= Aim of the exercise =
Would you return exactly the lines running from the one with "High Strategy: Oradros Demo cover art" to the bottom of the listing below, and no others?

= Given entries =
*-*-*

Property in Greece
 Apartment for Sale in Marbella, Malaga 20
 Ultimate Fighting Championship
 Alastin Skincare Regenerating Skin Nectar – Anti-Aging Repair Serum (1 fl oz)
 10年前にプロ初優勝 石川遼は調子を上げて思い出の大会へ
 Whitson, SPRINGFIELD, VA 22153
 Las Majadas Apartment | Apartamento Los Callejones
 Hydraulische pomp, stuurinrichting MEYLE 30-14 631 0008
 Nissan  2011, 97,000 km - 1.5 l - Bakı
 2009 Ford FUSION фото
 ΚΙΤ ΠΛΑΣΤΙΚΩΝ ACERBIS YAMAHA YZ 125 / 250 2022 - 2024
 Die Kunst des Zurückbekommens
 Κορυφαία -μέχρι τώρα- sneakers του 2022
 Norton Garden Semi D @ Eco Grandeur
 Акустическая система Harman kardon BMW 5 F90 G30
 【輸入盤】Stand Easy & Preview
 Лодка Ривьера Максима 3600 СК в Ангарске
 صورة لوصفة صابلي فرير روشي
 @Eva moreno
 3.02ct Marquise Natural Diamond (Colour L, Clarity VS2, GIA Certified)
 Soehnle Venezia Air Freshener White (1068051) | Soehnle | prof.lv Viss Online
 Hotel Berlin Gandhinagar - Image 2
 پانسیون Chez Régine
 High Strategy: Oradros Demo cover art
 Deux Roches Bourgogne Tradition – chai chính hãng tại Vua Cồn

*-*-*

= The completed task =
 High Strategy: Oradros Demo cover art
 Deux Roches Bourgogne Tradition – chai chính hãng tại Vua Cồn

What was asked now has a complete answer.